§ WHAT IS BEING ASKED:
Would you copy the records below, exactly and only from their first line through the line containing "Turquoise Beaded Flapper", without any pictures?

== Segment start ==

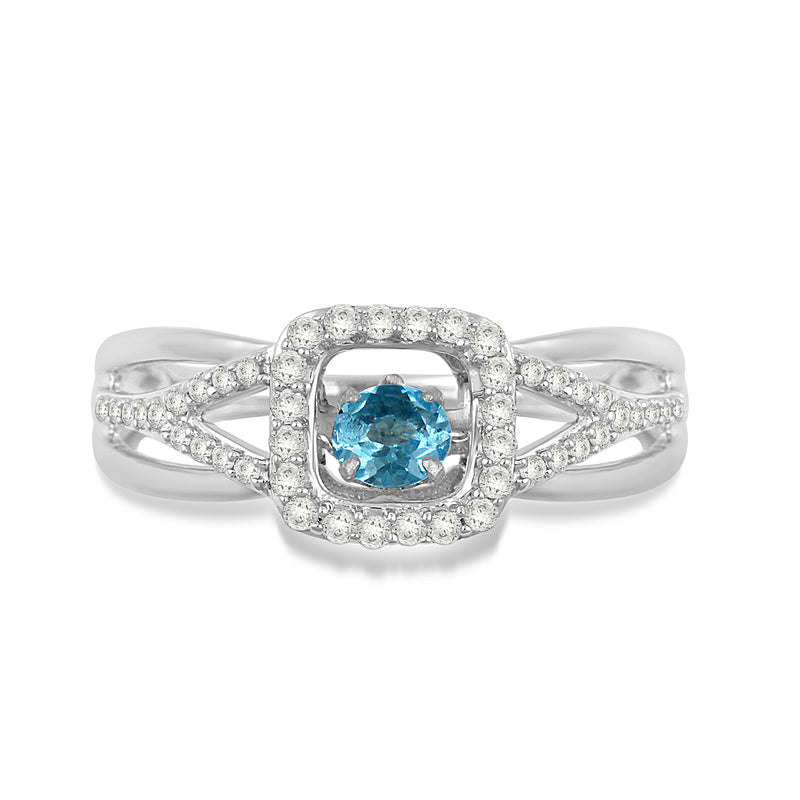 Jewelili Halo Ring with Round Shape Swiss Blue Topaz and Created White Sapphire in Sterling Silver View 2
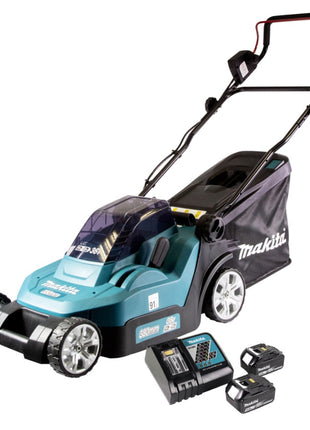 Makita DLM 432 RT2 tondeuse à gazon sans balais 36 V (2x 18 V) 43 cm + 2x batterie 5,0 Ah + chargeur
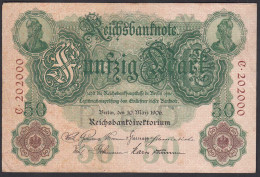 Reichsbanknote 50 Mark 1906 Ro 25a Pick 26 Y/C / F (4) Nummer !!       (28303 - Andere & Zonder Classificatie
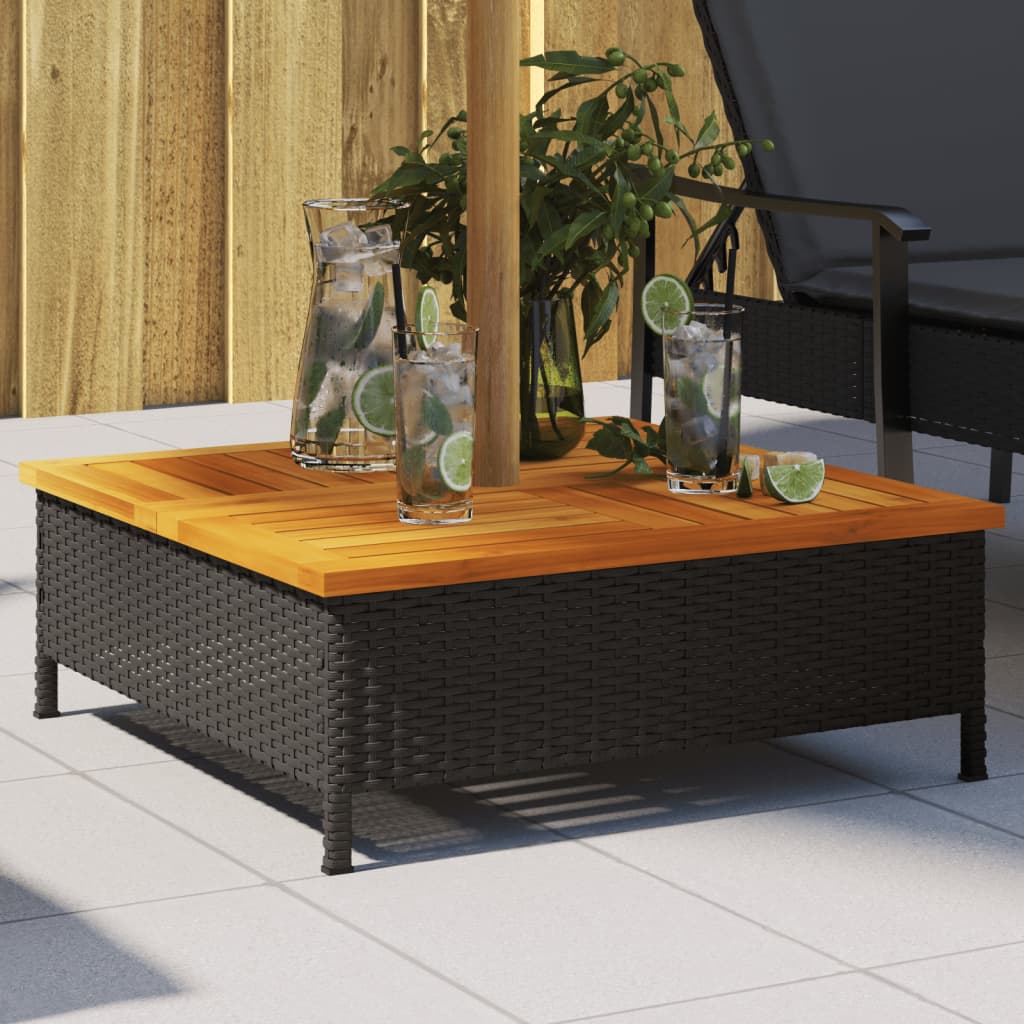 Parasol Base Cover 70x70x25 cm Poly Rattan and Acacia Black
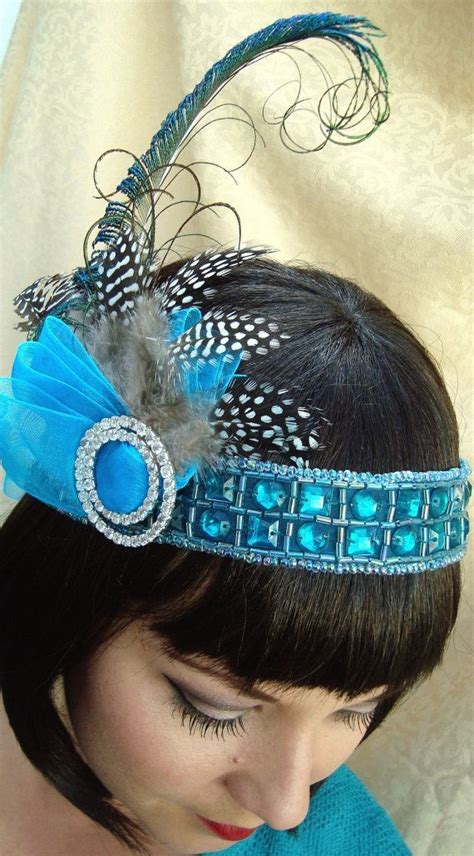 Turquoise Beaded Flapper Headdress Roaring S Great Gatsby Etsy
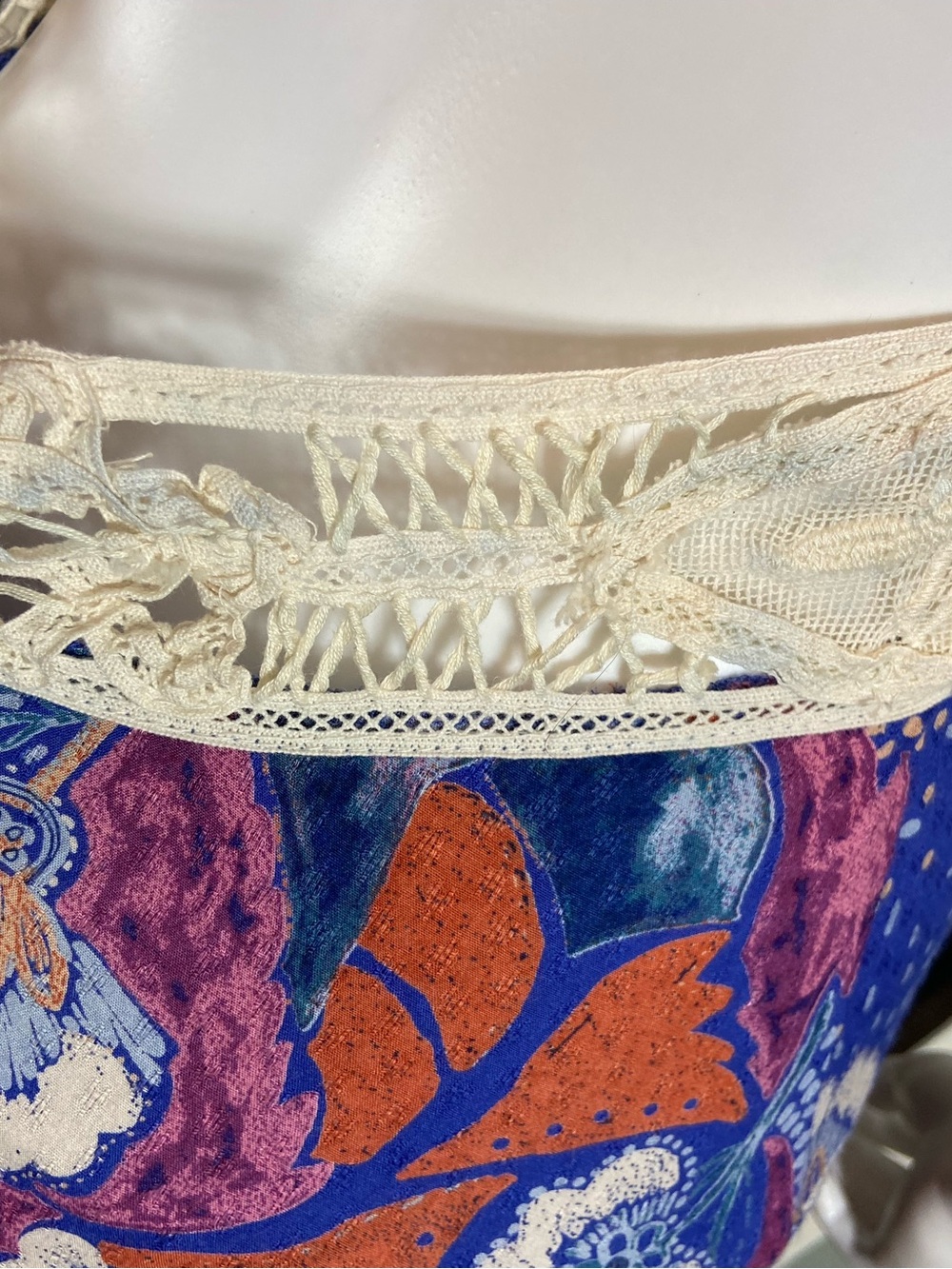 Free People Jolene Floral Crochet Lace Maxi Dress Cobalt Blue Small S - Picture 13 of 15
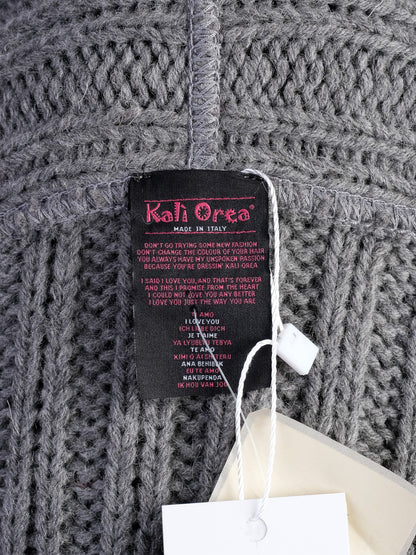 Excellent Kali Orea Gray Wool Sweater with Fur Collar Size M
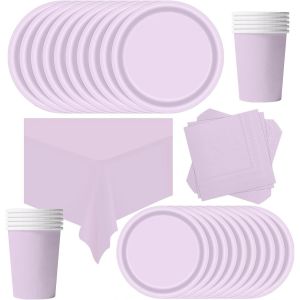Kalanka-69 Pièces Vaisselle Jetable Anniversaire Violet Clair,Assiette Carton Papier Tasses Serviettesr Nappe Pour Fête De Noël,Vaisselle De Fête Enfants,Barbecue Les Fêtes Les Pique-Niques(16 Invité - Neuf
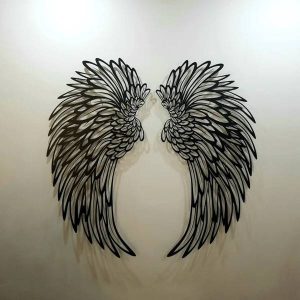1 PAIR ANGEL WINGS METAL WALL ART WITH LED LIGHTS-
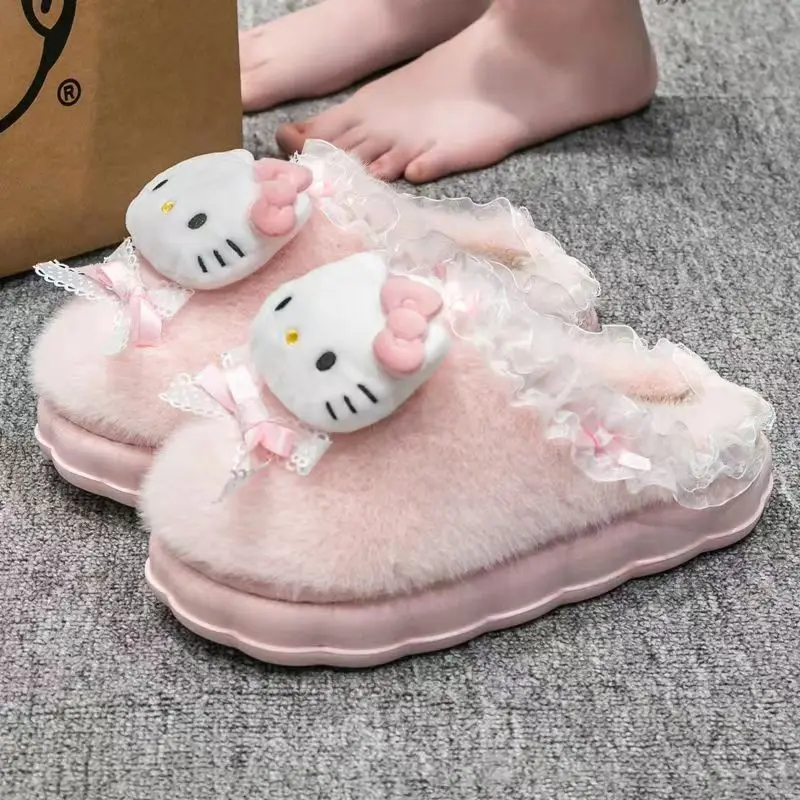 

New Hello Kitty Cotton Slippers Female Sanrio Cinnamoroll Kuromi Anti Slip Thick Bottom Warm Plush Slippers Girls Birthday Gifts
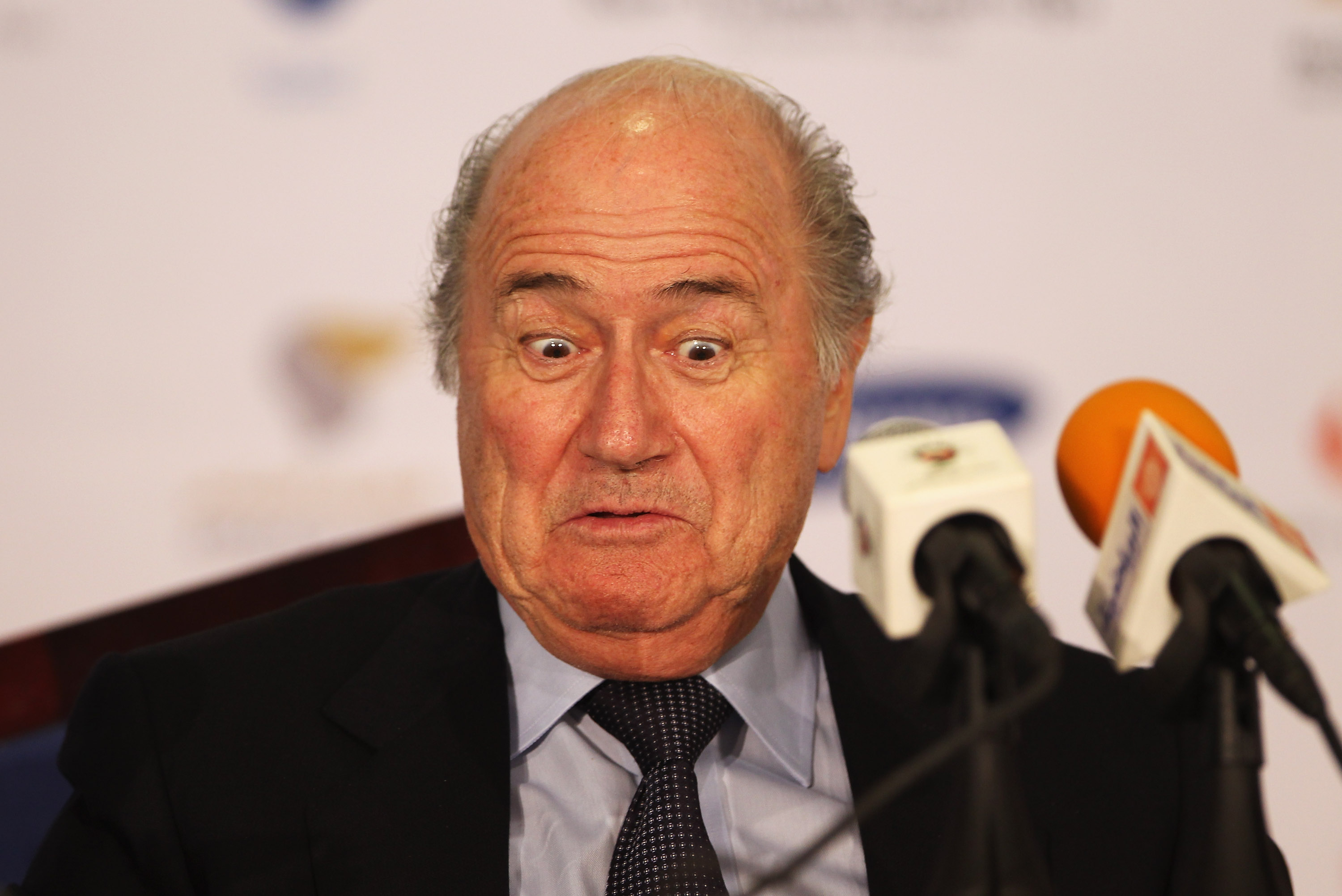 MUSCAT, OMAN - DECEMBER 09:  President of FIFA, Jospeh Sepp Blatter attends a press conference with the Oman Football Association at the Main Press Centre, Al-Musannah Sports City on December 9, 2010 in Muscat, Oman.  (Photo by Bryn Lennon/Getty Images)
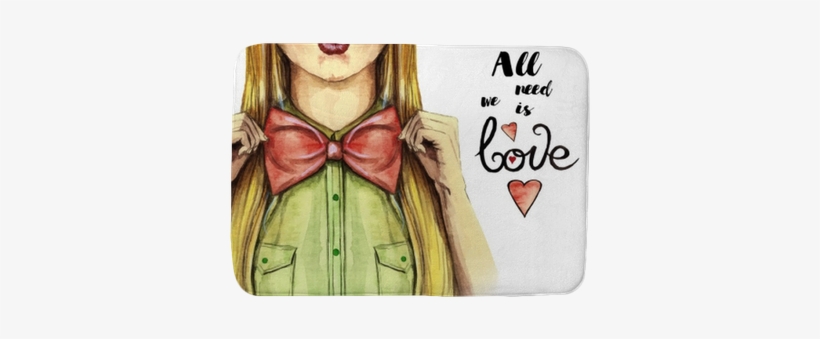 Watercolor Picture On A Valentine's Day, Girl Kisses, - Valentine's Day, transparent png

== Segment end ==

§ RESPONSE AREA:
 Jewelili Halo Ring with Round Shape Swiss Blue Topaz and Created White Sapphire in Sterling Silver View 2
 Makita DLM 432 RT2 tondeuse à gazon sans balais 36 V (2x 18 V) 43 cm + 2x batterie 5,0 Ah + chargeur
 Reichsbanknote 50 Mark 1906 Ro 25a Pick 26 Y/C / F (4) Nummer !!       (28303 - Andere & Zonder Classificatie
 Parasol Base Cover 70x70x25 cm Poly Rattan and Acacia Black
 Turquoise Beaded Flapper Headdress Roaring S Great Gatsby Etsy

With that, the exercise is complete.